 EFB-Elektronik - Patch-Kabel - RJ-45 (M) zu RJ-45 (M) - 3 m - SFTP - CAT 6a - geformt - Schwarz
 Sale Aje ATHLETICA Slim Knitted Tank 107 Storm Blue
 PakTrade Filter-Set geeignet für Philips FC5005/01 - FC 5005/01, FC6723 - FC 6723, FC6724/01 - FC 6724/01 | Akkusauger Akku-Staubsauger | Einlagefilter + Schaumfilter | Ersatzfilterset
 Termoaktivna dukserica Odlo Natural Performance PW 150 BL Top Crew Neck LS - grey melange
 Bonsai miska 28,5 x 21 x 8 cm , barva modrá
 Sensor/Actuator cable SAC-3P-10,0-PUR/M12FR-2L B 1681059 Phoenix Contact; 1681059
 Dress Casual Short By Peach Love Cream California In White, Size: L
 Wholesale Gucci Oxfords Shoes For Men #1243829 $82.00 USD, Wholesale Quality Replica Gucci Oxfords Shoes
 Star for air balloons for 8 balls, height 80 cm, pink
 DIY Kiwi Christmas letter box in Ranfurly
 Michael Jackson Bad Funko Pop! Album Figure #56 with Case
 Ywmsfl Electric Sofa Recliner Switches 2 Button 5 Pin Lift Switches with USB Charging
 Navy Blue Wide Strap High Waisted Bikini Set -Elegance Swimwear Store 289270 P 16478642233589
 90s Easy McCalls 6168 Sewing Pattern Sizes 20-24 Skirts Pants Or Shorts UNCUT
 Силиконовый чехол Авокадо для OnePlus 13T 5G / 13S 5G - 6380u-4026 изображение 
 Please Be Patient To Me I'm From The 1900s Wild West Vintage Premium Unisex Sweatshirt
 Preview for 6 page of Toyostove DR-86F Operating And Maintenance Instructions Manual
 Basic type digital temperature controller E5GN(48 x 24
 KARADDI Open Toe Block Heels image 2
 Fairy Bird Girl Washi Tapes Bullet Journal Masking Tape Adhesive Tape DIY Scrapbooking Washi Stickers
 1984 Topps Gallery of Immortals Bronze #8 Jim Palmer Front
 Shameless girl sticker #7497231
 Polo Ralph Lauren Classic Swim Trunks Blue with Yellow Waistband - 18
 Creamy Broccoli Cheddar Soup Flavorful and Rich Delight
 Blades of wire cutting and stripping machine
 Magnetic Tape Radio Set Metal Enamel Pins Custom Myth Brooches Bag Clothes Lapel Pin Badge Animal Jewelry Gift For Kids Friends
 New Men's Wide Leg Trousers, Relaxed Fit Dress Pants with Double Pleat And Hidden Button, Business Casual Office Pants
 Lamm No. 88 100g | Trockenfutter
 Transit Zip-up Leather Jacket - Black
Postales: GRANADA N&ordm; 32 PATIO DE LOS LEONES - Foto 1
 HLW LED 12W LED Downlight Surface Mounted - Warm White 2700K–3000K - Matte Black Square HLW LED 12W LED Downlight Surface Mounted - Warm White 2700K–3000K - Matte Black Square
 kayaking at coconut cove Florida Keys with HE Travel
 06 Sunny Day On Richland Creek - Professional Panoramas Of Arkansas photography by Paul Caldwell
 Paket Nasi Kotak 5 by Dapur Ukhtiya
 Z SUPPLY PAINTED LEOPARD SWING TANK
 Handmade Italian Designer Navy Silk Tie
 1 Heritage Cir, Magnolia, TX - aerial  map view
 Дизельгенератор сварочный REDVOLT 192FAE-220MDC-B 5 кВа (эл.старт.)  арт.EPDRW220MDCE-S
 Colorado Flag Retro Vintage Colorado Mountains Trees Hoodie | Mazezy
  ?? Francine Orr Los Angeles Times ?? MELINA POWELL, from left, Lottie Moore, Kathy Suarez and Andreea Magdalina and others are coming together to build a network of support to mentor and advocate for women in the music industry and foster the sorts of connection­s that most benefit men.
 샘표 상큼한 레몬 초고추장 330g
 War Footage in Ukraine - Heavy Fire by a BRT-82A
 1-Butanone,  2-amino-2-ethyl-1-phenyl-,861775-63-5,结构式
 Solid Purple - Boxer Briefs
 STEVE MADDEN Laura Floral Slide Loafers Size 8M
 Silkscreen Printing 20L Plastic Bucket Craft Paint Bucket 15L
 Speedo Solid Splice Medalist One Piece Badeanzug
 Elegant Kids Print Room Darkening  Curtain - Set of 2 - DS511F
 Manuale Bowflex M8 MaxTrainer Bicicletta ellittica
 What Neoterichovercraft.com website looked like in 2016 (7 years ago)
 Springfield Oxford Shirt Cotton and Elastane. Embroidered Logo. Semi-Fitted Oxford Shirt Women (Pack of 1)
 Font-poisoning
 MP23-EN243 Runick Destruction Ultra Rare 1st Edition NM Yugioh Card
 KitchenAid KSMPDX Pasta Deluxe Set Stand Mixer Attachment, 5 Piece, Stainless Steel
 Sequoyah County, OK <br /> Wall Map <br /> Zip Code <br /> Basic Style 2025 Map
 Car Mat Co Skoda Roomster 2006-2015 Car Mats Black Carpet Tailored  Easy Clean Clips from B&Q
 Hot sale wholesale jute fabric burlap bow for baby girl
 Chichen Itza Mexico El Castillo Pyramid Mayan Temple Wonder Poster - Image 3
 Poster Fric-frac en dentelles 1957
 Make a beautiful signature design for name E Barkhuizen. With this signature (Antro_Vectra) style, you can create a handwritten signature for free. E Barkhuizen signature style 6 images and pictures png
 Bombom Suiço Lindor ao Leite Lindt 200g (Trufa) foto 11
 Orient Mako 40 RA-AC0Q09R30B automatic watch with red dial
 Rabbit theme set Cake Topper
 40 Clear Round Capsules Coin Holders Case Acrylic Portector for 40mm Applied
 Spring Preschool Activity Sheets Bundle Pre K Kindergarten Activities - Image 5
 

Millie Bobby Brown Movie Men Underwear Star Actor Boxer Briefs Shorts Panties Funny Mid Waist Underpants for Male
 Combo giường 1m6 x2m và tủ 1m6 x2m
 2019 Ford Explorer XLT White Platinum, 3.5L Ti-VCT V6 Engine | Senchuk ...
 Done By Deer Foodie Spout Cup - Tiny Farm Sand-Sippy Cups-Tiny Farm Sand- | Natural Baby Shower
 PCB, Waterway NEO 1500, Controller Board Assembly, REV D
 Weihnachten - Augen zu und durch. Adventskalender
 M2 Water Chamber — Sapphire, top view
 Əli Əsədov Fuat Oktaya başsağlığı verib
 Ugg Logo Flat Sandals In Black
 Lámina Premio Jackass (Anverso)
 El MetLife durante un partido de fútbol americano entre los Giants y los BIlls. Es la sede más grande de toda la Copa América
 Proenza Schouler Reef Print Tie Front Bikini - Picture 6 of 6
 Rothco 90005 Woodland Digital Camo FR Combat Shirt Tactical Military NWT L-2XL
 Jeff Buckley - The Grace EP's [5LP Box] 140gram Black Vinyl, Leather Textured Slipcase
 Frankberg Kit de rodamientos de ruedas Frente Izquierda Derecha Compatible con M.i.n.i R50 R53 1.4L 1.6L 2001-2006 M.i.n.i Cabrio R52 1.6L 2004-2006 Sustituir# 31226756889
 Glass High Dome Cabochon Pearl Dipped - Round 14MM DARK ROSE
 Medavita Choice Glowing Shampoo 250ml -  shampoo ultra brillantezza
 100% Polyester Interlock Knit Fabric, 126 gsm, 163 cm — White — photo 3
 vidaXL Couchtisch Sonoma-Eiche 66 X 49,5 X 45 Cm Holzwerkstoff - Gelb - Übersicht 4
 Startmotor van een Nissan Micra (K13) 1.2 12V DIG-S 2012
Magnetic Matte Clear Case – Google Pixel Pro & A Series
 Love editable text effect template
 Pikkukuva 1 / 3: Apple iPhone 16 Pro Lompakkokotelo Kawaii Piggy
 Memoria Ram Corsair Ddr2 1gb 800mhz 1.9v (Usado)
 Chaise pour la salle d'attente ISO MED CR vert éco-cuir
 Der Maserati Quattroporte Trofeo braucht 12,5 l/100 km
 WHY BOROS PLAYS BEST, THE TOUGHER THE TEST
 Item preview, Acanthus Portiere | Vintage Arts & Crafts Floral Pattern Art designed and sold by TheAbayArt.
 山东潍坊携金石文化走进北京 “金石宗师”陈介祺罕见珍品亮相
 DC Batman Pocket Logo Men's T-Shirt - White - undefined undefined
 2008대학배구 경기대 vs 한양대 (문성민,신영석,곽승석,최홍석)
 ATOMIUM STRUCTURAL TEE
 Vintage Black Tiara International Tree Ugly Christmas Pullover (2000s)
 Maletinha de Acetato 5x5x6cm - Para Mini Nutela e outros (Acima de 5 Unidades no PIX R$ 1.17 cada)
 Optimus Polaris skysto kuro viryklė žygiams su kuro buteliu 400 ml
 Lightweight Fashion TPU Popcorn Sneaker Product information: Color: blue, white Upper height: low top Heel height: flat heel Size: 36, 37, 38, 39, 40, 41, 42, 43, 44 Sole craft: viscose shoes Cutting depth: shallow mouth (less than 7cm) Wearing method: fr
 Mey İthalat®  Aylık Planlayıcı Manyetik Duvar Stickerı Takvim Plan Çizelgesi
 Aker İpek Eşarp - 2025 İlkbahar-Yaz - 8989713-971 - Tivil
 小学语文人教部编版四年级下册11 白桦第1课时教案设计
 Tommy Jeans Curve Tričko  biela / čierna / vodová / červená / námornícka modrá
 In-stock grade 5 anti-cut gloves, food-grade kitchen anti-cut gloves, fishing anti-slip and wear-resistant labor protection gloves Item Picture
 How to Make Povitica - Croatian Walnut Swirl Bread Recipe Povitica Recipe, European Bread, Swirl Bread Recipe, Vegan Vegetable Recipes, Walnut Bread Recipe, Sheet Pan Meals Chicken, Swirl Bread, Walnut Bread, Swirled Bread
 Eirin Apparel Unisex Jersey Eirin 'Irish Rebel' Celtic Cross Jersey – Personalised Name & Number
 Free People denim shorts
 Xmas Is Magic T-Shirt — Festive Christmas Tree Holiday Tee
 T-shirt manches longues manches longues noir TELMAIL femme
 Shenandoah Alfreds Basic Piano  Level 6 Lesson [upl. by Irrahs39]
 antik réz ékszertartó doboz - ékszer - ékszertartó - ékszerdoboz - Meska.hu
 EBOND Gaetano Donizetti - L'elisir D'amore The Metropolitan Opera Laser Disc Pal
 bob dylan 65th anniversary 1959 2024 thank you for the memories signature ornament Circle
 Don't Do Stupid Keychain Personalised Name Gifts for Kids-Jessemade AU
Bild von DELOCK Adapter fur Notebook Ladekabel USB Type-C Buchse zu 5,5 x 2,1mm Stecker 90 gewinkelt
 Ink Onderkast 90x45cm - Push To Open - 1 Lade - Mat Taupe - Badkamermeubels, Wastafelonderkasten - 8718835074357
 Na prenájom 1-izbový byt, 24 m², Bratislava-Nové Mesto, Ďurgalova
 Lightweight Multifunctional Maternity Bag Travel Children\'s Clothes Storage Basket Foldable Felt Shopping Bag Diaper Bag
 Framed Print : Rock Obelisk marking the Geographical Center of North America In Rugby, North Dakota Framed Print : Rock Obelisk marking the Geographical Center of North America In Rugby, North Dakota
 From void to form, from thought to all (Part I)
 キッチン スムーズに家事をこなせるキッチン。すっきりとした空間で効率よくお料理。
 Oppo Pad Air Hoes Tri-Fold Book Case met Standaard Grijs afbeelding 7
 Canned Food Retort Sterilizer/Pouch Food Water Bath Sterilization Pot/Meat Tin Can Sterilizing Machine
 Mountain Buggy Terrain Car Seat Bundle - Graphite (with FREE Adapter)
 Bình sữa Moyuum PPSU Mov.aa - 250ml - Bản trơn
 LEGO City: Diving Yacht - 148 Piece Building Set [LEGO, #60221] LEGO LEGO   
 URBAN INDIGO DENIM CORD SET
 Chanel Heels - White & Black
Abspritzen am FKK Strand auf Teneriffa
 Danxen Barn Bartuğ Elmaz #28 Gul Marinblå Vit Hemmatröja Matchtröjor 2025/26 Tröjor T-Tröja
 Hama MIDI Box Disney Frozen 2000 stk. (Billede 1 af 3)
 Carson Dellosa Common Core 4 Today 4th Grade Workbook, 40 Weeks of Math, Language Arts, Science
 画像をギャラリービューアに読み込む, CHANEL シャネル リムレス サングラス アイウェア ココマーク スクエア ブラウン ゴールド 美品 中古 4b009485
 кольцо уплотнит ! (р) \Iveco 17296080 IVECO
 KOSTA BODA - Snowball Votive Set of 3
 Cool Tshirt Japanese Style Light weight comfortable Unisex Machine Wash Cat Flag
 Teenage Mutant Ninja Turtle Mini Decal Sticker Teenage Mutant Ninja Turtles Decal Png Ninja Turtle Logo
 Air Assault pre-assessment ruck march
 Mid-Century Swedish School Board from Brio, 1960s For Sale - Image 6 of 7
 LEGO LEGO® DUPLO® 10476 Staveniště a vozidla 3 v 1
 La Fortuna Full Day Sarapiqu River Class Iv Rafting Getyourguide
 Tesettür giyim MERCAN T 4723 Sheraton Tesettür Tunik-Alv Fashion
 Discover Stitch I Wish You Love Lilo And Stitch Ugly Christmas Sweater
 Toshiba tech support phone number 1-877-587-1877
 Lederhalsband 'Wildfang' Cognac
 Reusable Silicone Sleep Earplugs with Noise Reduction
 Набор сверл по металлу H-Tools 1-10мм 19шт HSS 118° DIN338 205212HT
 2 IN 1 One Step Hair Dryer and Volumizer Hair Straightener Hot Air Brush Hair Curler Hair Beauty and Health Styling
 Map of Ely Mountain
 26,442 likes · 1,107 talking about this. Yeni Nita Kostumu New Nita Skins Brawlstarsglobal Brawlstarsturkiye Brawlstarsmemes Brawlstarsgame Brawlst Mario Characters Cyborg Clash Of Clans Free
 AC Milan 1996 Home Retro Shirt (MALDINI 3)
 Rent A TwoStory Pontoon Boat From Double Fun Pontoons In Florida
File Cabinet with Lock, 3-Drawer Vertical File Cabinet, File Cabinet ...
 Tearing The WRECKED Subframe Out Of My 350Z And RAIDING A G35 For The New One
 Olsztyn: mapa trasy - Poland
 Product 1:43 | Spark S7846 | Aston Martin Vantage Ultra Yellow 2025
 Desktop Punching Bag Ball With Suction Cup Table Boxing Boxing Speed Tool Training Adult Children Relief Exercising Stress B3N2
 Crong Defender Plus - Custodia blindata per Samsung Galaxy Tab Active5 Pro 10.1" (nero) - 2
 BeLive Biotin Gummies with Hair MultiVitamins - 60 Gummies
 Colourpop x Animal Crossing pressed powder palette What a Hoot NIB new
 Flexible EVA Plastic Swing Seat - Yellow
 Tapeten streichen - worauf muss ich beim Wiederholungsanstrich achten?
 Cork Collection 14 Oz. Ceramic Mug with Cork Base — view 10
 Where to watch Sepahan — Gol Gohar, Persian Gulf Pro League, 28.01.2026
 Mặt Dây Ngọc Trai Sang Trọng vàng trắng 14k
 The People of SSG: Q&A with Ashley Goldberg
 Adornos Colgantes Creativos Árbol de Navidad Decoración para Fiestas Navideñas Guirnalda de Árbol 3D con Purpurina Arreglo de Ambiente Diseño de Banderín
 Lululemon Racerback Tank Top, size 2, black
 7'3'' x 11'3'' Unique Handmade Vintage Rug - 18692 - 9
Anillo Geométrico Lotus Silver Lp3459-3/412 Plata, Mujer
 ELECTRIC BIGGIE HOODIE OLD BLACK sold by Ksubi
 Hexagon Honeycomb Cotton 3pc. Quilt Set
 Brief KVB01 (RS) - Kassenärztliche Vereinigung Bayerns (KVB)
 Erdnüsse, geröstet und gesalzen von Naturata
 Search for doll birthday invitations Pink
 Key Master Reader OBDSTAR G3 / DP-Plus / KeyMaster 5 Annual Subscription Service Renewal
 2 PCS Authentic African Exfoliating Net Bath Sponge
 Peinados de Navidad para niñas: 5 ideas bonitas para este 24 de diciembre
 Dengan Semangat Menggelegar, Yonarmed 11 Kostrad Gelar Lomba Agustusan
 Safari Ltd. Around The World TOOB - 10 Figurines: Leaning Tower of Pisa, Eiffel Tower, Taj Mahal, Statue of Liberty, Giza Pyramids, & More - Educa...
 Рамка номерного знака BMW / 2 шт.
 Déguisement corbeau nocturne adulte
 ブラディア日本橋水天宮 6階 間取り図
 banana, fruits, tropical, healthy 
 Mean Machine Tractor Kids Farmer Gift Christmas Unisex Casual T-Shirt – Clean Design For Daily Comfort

=-=-=

◆ **TASK INSTRUCTIONS**
Please copy the lines in the records above between the one holding "1984 Topps Gallery" and the one holding "Colorado Flag Retro", inclusive, exactly and with no other line.

◆ **SOLUTION TO THIS TASK**
 1984 Topps Gallery of Immortals Bronze #8 Jim Palmer Front
 Shameless girl sticker #7497231
 Polo Ralph Lauren Classic Swim Trunks Blue with Yellow Waistband - 18
 Creamy Broccoli Cheddar Soup Flavorful and Rich Delight
 Blades of wire cutting and stripping machine
 Magnetic Tape Radio Set Metal Enamel Pins Custom Myth Brooches Bag Clothes Lapel Pin Badge Animal Jewelry Gift For Kids Friends
 New Men's Wide Leg Trousers, Relaxed Fit Dress Pants with Double Pleat And Hidden Button, Business Casual Office Pants
 Lamm No. 88 100g | Trockenfutter
 Transit Zip-up Leather Jacket - Black
Postales: GRANADA N&ordm; 32 PATIO DE LOS LEONES - Foto 1
 HLW LED 12W LED Downlight Surface Mounted - Warm White 2700K–3000K - Matte Black Square HLW LED 12W LED Downlight Surface Mounted - Warm White 2700K–3000K - Matte Black Square
 kayaking at coconut cove Florida Keys with HE Travel
 06 Sunny Day On Richland Creek - Professional Panoramas Of Arkansas photography by Paul Caldwell
 Paket Nasi Kotak 5 by Dapur Ukhtiya
 Z SUPPLY PAINTED LEOPARD SWING TANK
 Handmade Italian Designer Navy Silk Tie
 1 Heritage Cir, Magnolia, TX - aerial  map view
 Дизельгенератор сварочный REDVOLT 192FAE-220MDC-B 5 кВа (эл.старт.)  арт.EPDRW220MDCE-S
 Colorado Flag Retro Vintage Colorado Mountains Trees Hoodie | Mazezy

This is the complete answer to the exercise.